Jin-yeong, by contrast, is easily sympathetic and very lovable, which is why Seok-gi's rotten treatment of her at the start of "Shinsukki Blues" ends up hitting him so hard. The moral arc of "Shinsukki Blues" is about as simple as you can get- genuinely nice people deserve sympathy, even if they look funny or stupid. Genuinely bad people, however smart of attractive they look, deserve to have horrible things happen to them. Seok-gi learns to appreciate this thanks to a brutal uncaring world that literally rips his life away.

This brand of sadism is what defines most of the movie's humor. The other Seok-gi, for example, in addition to sounding like an idiot all the time also has very bad digestion problems. This is not an advantage in a courtroom context, and Seok-gi has to learn to deal with that. Actually having to put a serious effort into lawyering changes Seok-gi for the better, since it makes him appreciate that the finer things in life have to be fought for to be valuable in any way.

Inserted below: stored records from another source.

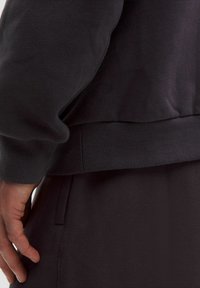 Sort sweatshirt med en struktureret overflade, tætsiddende manchetter og ribbet kant. Logo-detalje synlig nær den nederste søm. Stoffet ser blødt ud.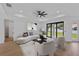 Staged living room featuring a modern ceiling fan and sliding glass doors to the outside at 2805 Anniston Rd, North Port, FL 34288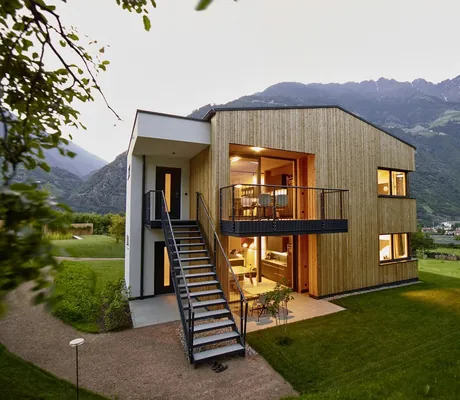 Von innen beleuchtetes Chalethaus in Naturns in der Abenddämmerung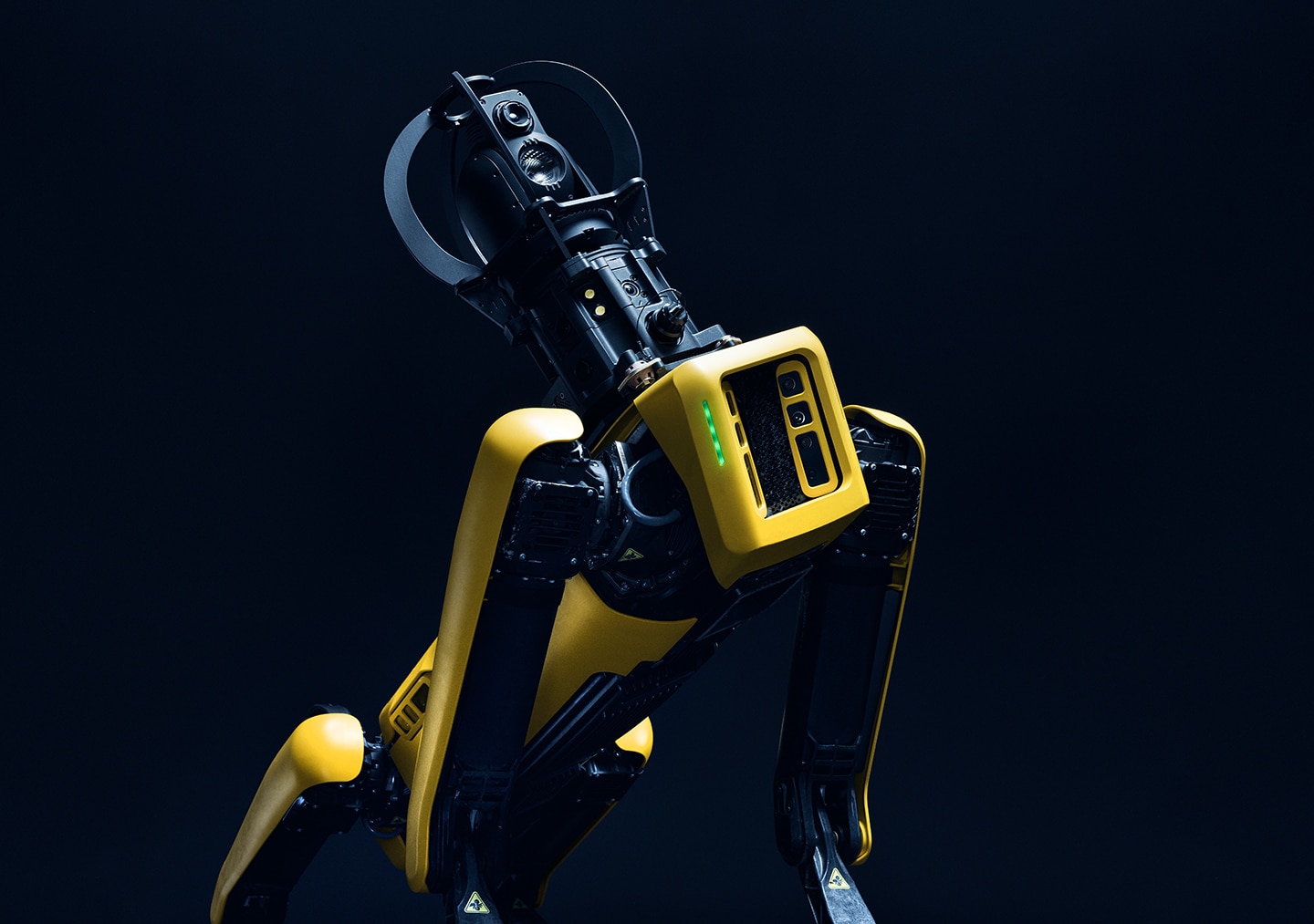 Spot, a yellow quadruped robot, equipped with an IR camera payload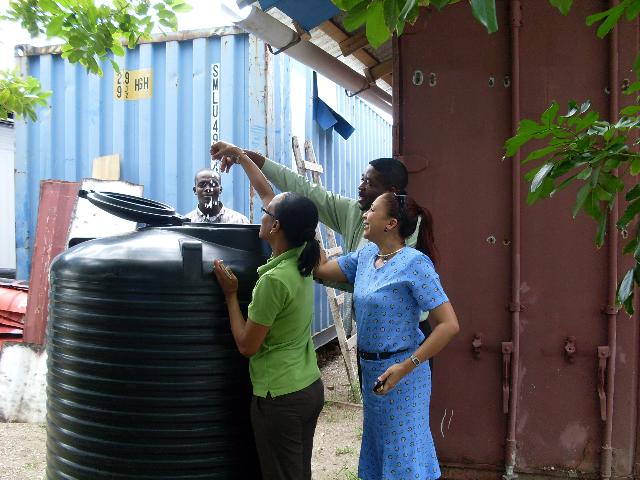 Jam1 project team and PA checking the harvested water during a site viist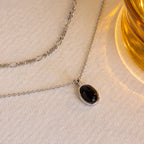 The Onyx Figaro Duo Necklace, featuring a black oval pendant, is displayed on a cream surface beside a yellow glass object.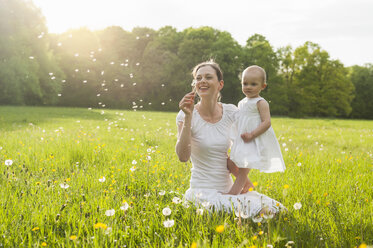 Mother and daughter with blowball on meadow in summer - DIGF04599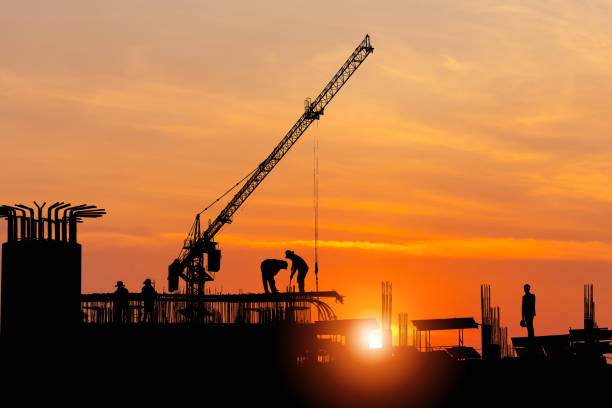 istock Silhouette of Foreman worker team at construction site with blurred sunset sky background 1389805621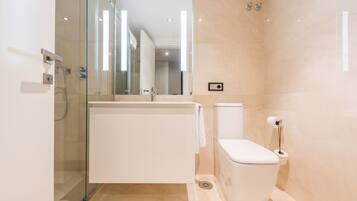 Ein modernes Badezimmer mit Duschkabine aus Glas, einer weißen Badewanne und einem WC.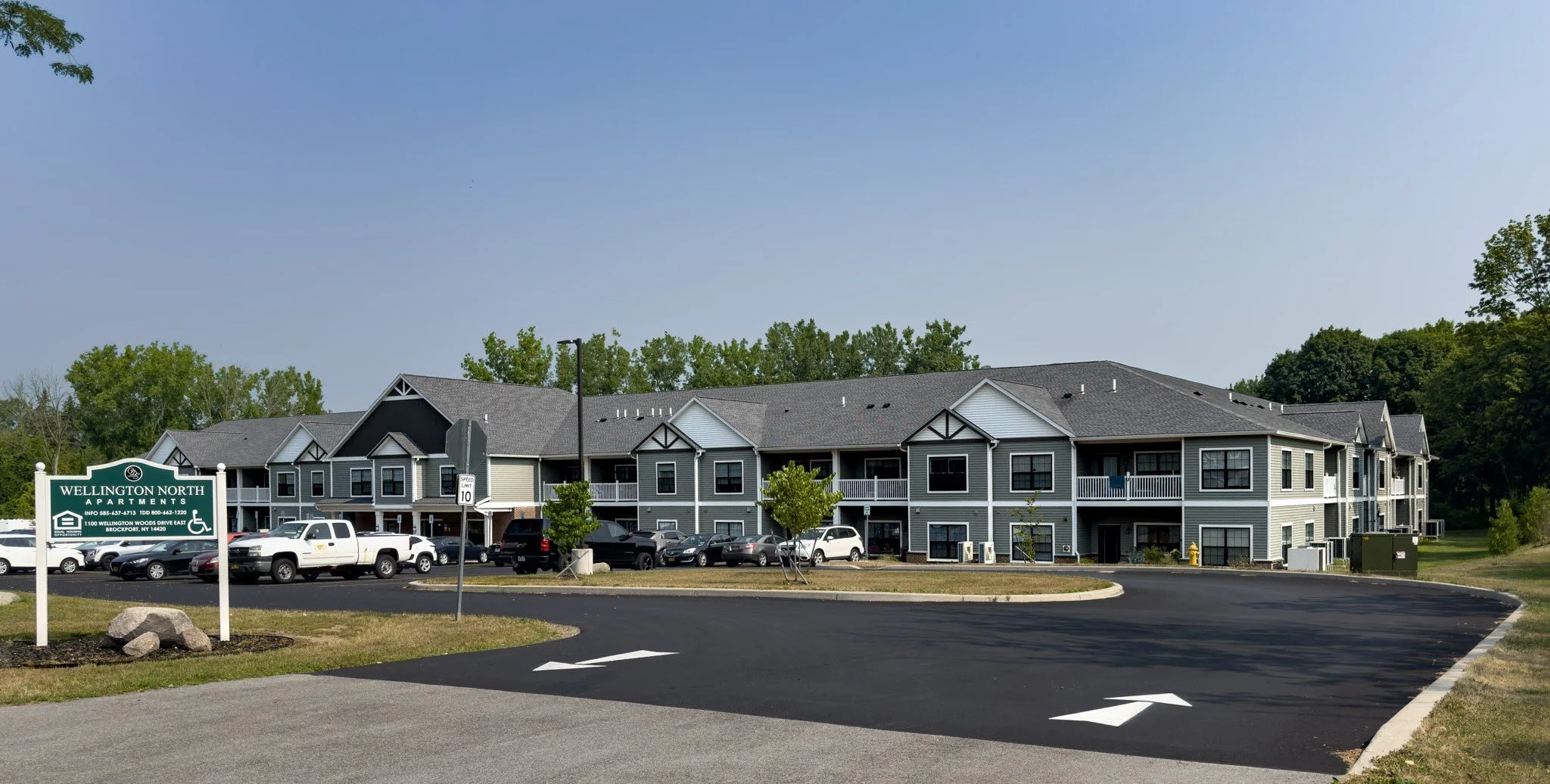 A multi-story apartment complex with gray siding, white trim, and small balconies; parking lot with cars in front; sign reading 'Wellington North Apartments'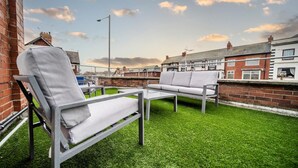 A rooftop terrace with a metal table and two white cushioned chairs, surrounded by a green lawn and brick walls.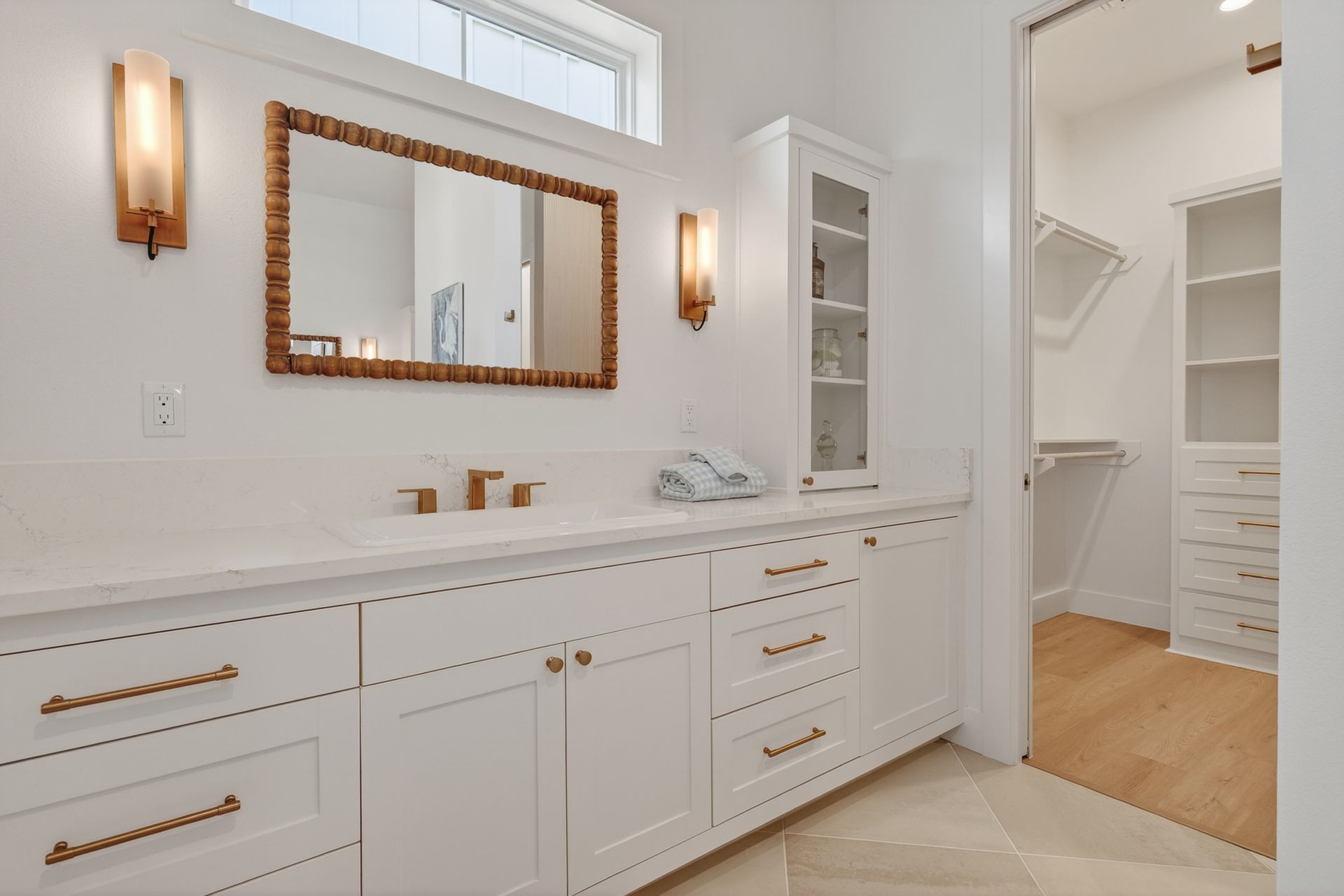 Bright white bathroom vanity with gold accents, mirror, sconces, and open doorway to a walk-in closet.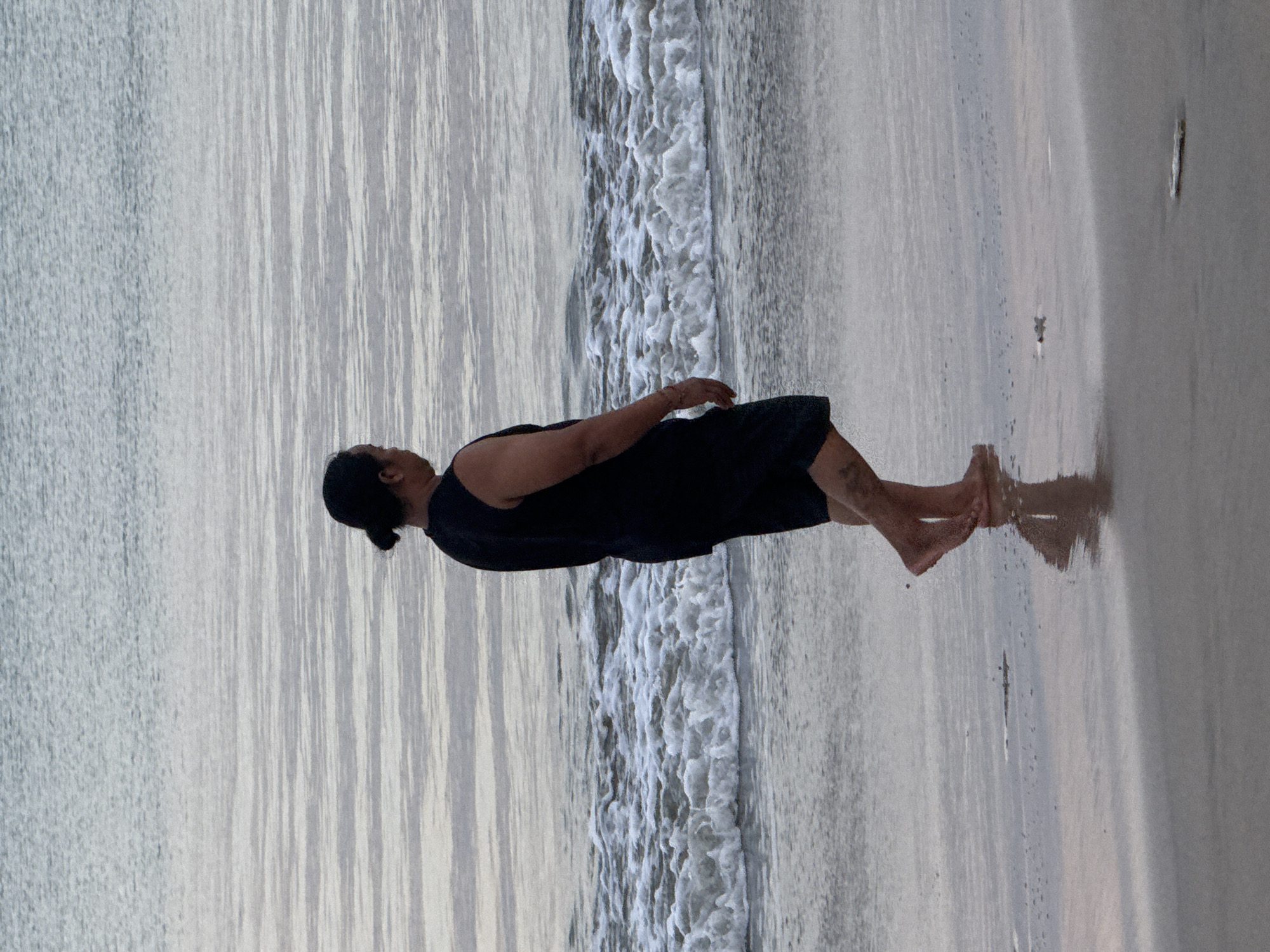 A person wearing a black sleeveless shirt and dark shorts walks along the shoreline of Kuta Beach, Indonesia. The person's hair is pulled back in a bun. The sea is calm with gentle waves breaking on the sand. The sand is wet and reflects the sky. The scene is tranquil and appears to be during either dawn or dusk.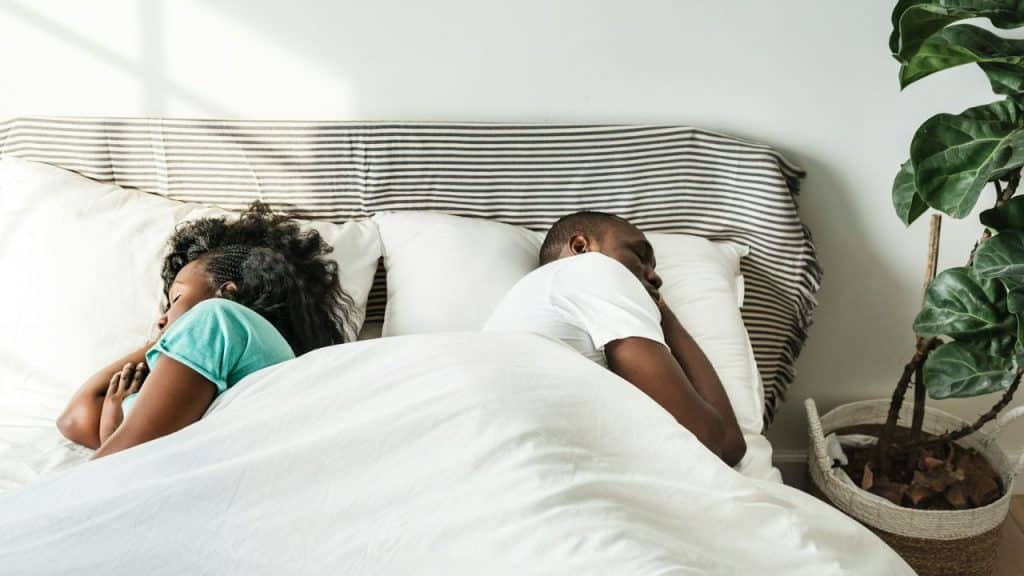 A Black man and woman lying in bed, facing away from each other under white covers.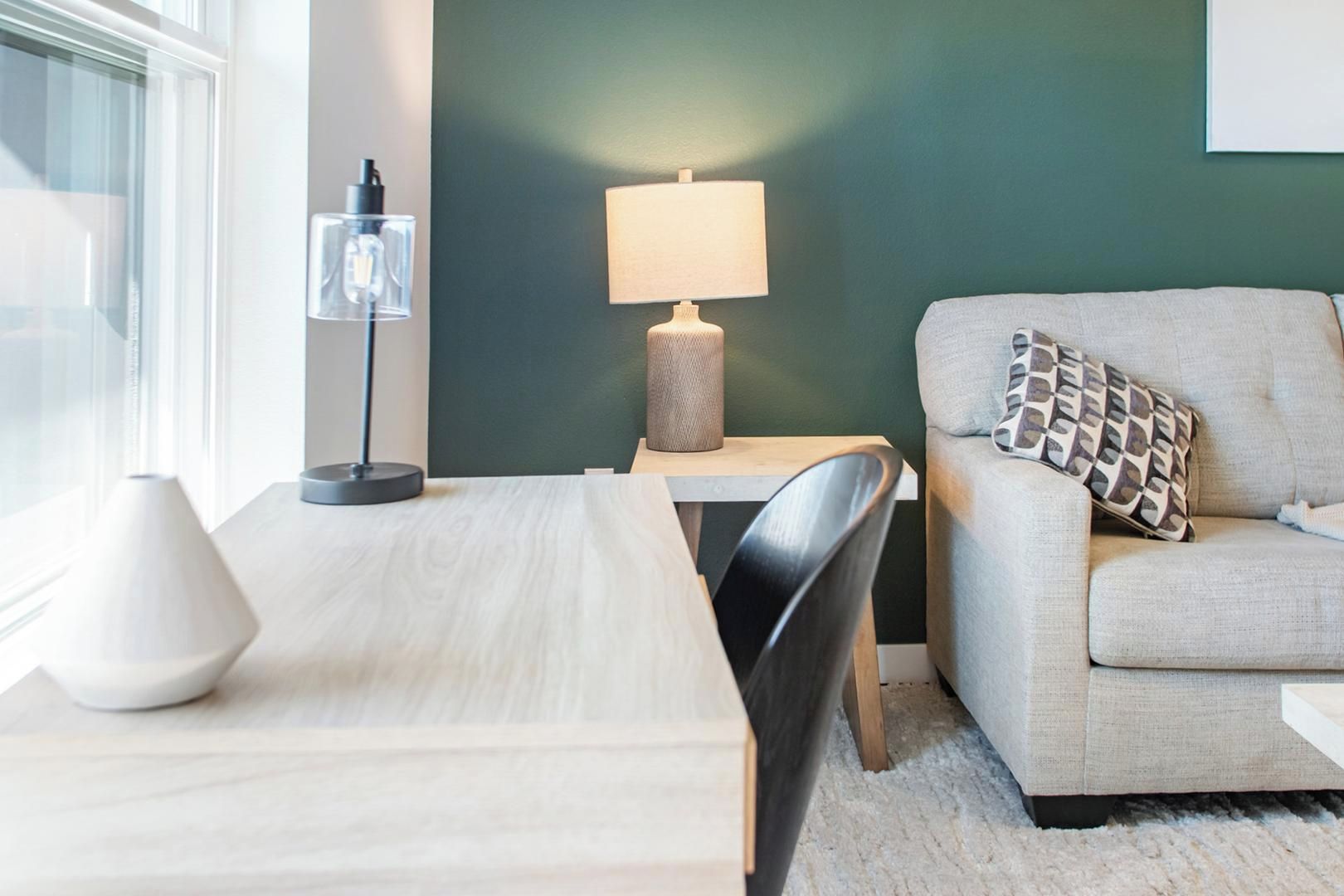 Ein modernes Wohnzimmer mit Esstisch, einer Couch mit gemusterten Kissen, einer Lampe und einem an der Wand befestigten Regal.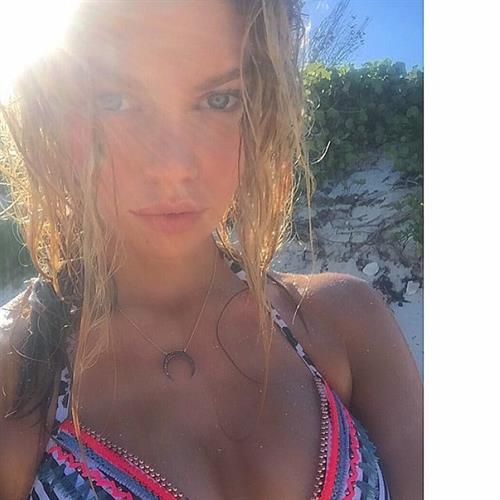 Stella Maxwell in a bikini taking a selfie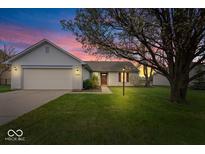 Charming single-story home with a well-maintained lawn, attached two-car garage, and inviting curb appeal at 9856 Commonwealth Dr, Fishers, IN 46038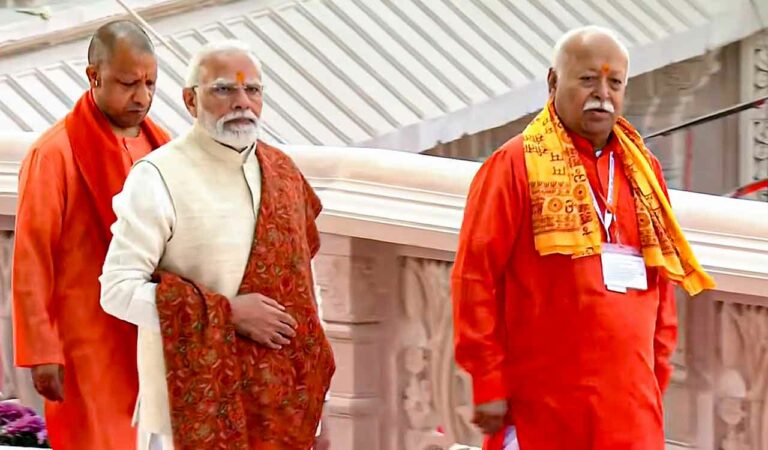 Prime Minister Narendra Modi with Uttar Pradesh Chief Minister Yogi Adityanath and RSS chief Mohan Bhagwat during the Dhwajarohan ceremony at the Ram Temple, in Ayodhya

...Which again doesn't really help with very rote overall message. Supernatural elements notwithstanding "Shinsukki Blues" is a fairly standard comedy. Consider how writer/director Kim Do-hyeok has little apparent interest in the main gimmick that sets the plot off. We never do find out what happens to the other Seok-gi, and Seok-gi himself gives up surprisingly quickly on trying to grab his old life back due to constant humiliating setbacks. While the best of these jokes can be hilarious, they nonetheless tend to prevent forward movement on the plot.

The decent sense of humor is the main thing preventing me from disliking "Shinsukki Blues" all that much. Maybe it's just the dopey expression on Lee Deok-jae's face every time he goes through another indignity. That, coupled with the generally archetypal story, make "Shinsukki Blues" pretty easy to understand. Cheap physical humor combined with a basic morality play may not make for great art but it's passable enough.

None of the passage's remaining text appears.